As my parents and I drove past the Rainbow Tank toward downtown Boston, I was wedged in the backseat next to my new laundry hamper. Wow, I thought, I’m actually doing it. I feel just like an American teenager. A few days later, still in orientation, I had another experience that turns out to be common among college-aged women in America. I was sexually assaulted. I was raped multiple times that first semester by the same man, another freshman.
According to the Rape, Abuse & Incest National Network (RAINN), a person is sexually assaulted every 98 seconds in America. 9 out of 10 rape victims are female. Women in college between the ages of 18 and 24 are 3 times more likely than women in general to experience sexual assault. Most college sexual assaults happen from August through November. It may be hard to understand these figures. For me, it simply means that rape culture continues to thrive in America, and that when I’m in a room with other people, I am more likely than not there with another person who has been sexually assaulted.
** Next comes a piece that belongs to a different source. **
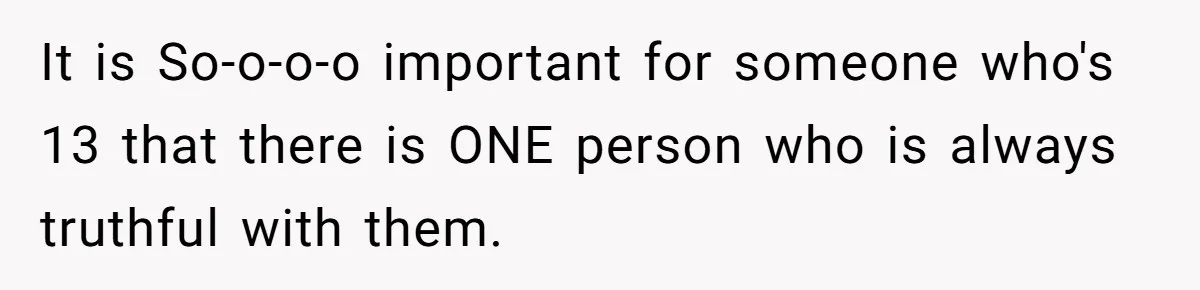 It is So-o-o-o important for someone who's 13 that there is ONE person who is always truthful with them.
We have endured an exhausting summer, and stumbled into a fall that feels so much like defeat. Brett Kavanaugh is now an associate justice of the U.S. Supreme Court. I’m unsure what this means for the people of America, but I know that a victim of sexual assault was told in front of this country and the world that her pain did not matter. Kavanaugh, her assaulter, would
not be punished nor denied any opportunities.
The man who raped me told me later that he had first come up to speak to me, when I was sitting alone reading in the dining hall, because I was Asian. He showed me a handwritten list of experiences he wanted to pursue in college, one of the top few being having sex with girls of different races. He was white and from a predominantly white Massachusetts town – the type of town the white side of my family lived in, where I was told held the answers to who I really was. To him, women of color were not individuals, just a box to check off on his scrap of paper. Having found out I was only half Asian after he raped me, he was uncertain if I counted.
When I encounter racism, it almost always, always holds the threat of gender-based violence. There is a tenable link between racism and sexism, and I cannot close my eyes to either, because sometimes they feel like one and the same. Racism and sexual violence are not merely American problems, but their presence dates back in the history of the U.S., a double-edged tool of oppression. Our anti-racist work and anti-sexist work should be intertwined, and these connections should be discussed openly and frequently.